Typhoon relief effort picks up in Philippines

UN gives $25m in emergency aid while US and Britain send warships to help country in state of national calamity.

International relief efforts to help the Philippines overcome the devastation caused by Typhoon Haiyan are building momentum.

Foreign governments and international aid organisations have pledged tens of millions of dollars in emergency funds and supplies and several countries are sending warships.

Valerie Amos, the UN humanitarian chief, released $25m on Tuesday from the UN’s emergency relief fund to supply emergency shelter materials and household items, and provide emergency food assistance, health services, safe water supplies and sanitation facilities across the Philippines.

Amos told Al Jazeera she was not happy with the international response to the crisis.

“I don’t feel that they’re moving fast enough,” she said.

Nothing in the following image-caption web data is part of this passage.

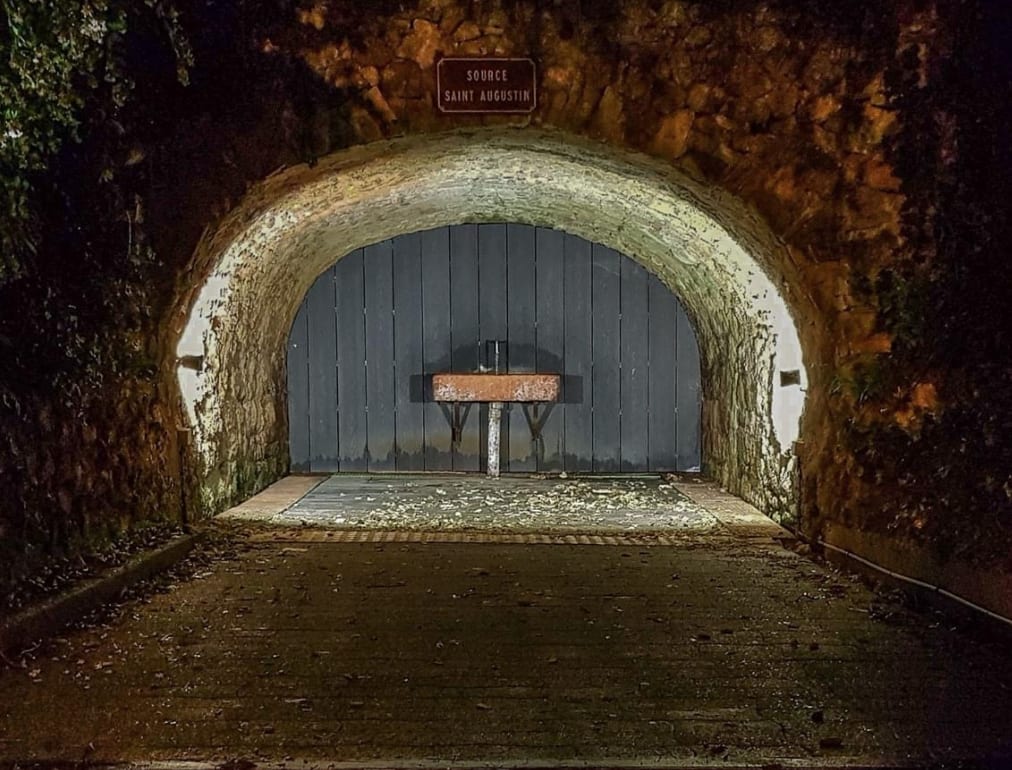 tourisme cransac les thermes, source saint augustin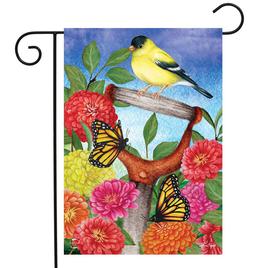 Briarwood Lane Goldfinch on Shovel Garden Flag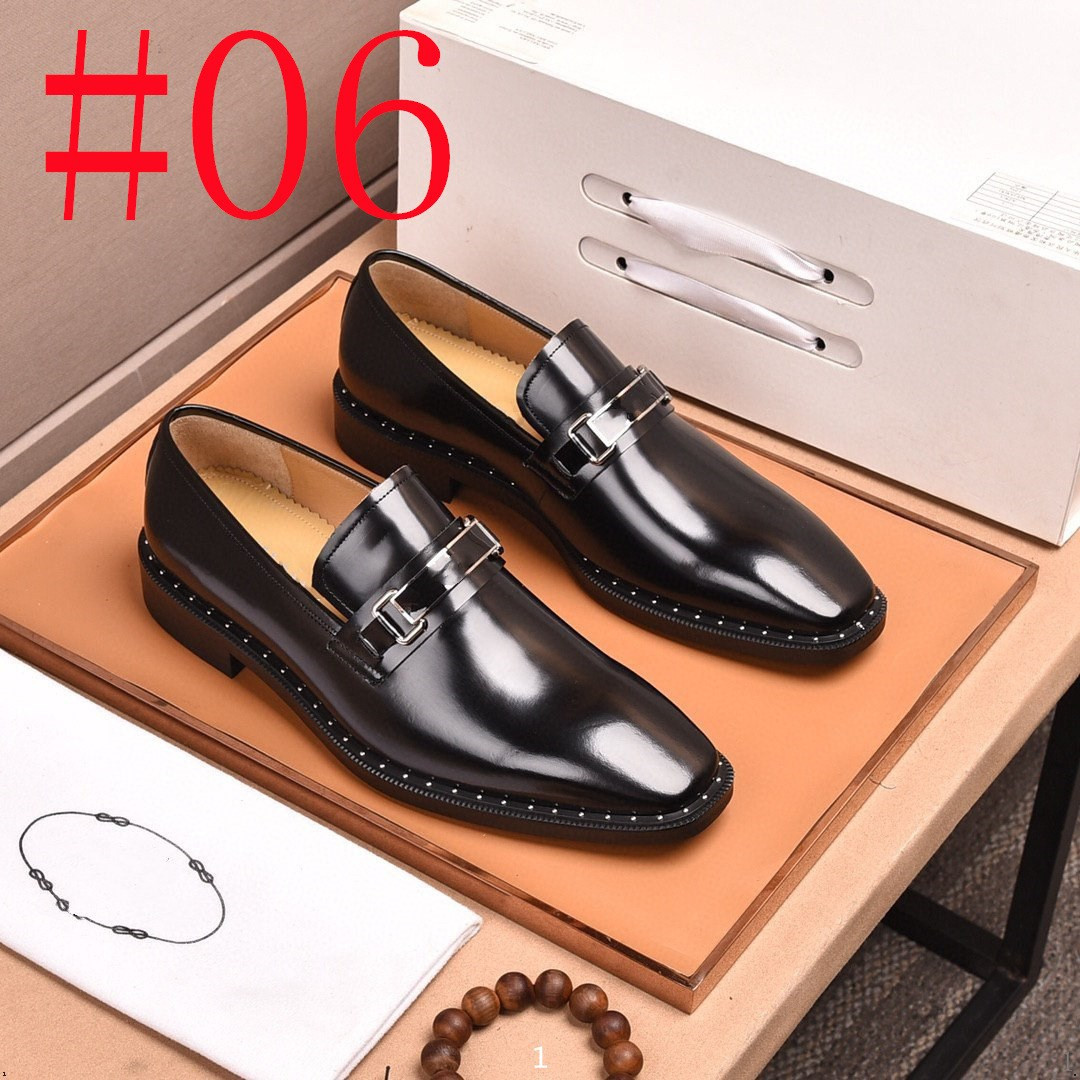 15style Luxurious Brand Brogue Brown Black Men Business Designer Dress Shoes Pointed Toe Men Wedding Shoes Leather Formal Shoes casual flats 38-45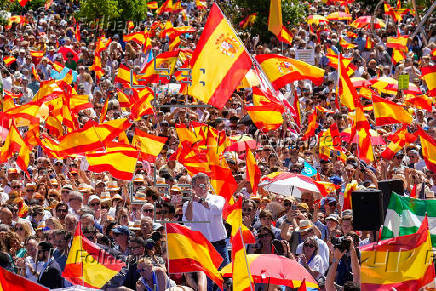 Manifestación del PP contra Sánchez bajo el lema 'Democracia o mafia'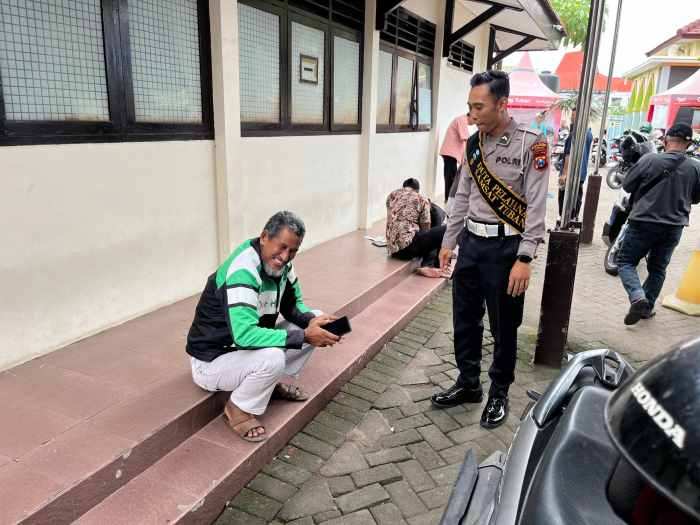 Warga Tuban Antusias! Polantas Tuban Turun Jalan Bantu Urus SIM, STNK, BPKB Warga Tuban Antusias! Polantas Tuban Turun Jalan Bantu Urus SIM, STNK, BPKB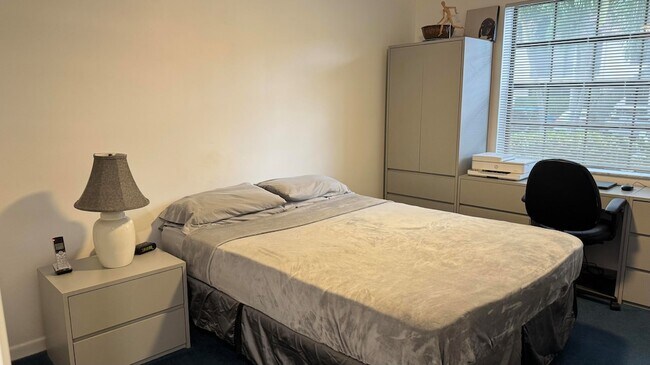 Building Photo - 5195 Europa Dr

Officials figures put the total number of people killed by the storm that hit the Philippines’ central islands on Friday at 1,744.

However the UN says 10,000 people are feared dead in the city of Tacloban alone.

Another 800,000 people have had to flee their homes, and getting aid to people is proving extremely difficult.

In total, close to 10 million in 41 provinces have been affected by the disaster.

Both the US and Britain deployed warships on Tuesday carrying thousands of soldiers set to join a major operation to help survivors.

The Pentagon said the aircraft carrier USS George Washington, equipped with 5,000 sailors and more than 80 aircraft, left Hong Kong for the Philippines, where it will be joined by four other US navy ships.

It should arrive in two to three days and join 180 members of the US Marine Corps assisting in the humanitarian efforts on the ground.

“The weather is pretty bad out there, so we are limited by seas and wind,” Captain Thomas Disy, commander of the USS Antietam, a missile cruiser that is part of the carrier group, told reporters in Hong Kong.

“But we are going to be going as fast as we possibly can.”

The US has also pledged $20m in aid.

Britain boosted its aid to $16m and David Cameron, the prime minister, said the destroyer ship HMS Daring would sail to the Philippines “at full speed” from its current deployment in Singapore, along with a Royal Air Force C-17 transport plane.

Aid effort expands

Ban Ki-moon, the UN chief, said the aid effort “must expand urgently in the days ahead”, while the International Red Cross and Red Crescent Movement appealed for nearly $95m to provide 100,000 families with food, water and shelter over 18 months.

The European Commission pledged $4m towards relief efforts.

The UN children’s fund UNICEF sent a cargo plane carrying 66 tonnes of aid, including water purification systems, storage equipment and sanitation supplies. Doctors without Borders said it was sending 329 tons of medical and relief supplies on three cargo planes.

As the international relief effort grows, many Philippines’ neighbours also offered assistance.

The Australian government pledged $10m in relief. Japan said it would supply $10m to provide evacuees with emergency shelters, and would also send up to 40 members of its de facto military, known as the Self-Defence Forces.

China, where seven people were reported killed by the typhoon, will give $100,000 towards the aid effort.

“It’s a must to aid typhoon victims in the Philippines,” the state-run Global Times newspaper, which is close to China’s ruling Communist party, said in an editorial on Tuesday.

Heartfelt thanks

The Philippine Red Cross issued a heartfelt thanks for the international support directed at the country.

But four days after the typhoon struck, survivors in several parts of the country are struggling to access aid.

Al Jazeera’s Marta Ortigas reported from an aid distribution centre in the capital, Manila, that poor infrastructure was making aid distribution difficult.

“Some of these goods end up sitting in another warehouse… and just waiting until it can be almost hand-delivered for hours to the villages that need it most. Making things a little more complicated is the fact that there is a storm over those central islands right now,” Ortigas reported.

The Philippines military said communication outages are making coordination with local government departments in hard-hit Tacloban – a city of 220,000 residents and the capital of the provincial island of Leyte – a major problem in the relief effort.

Very little food aid has reached Tacloban. At the city’s airport, people crowded the destroyed terminal building and shouted at soldiers. “We are hungry,” one man said.

Philippines authorities deployed armoured vehicles and set up checkpoints in Tacloban on Tuesday to stop desperate survivors from raiding food and medical supplies.

A curfew was in force in the city as armoured vehicles were deployed and hundreds of soldiers and police patrolled the streets.

The typhoon flattened buildings, knocked out electricity and water supplies, and left survivors with virtually nothing. Dead bodies still litter the city’s streets.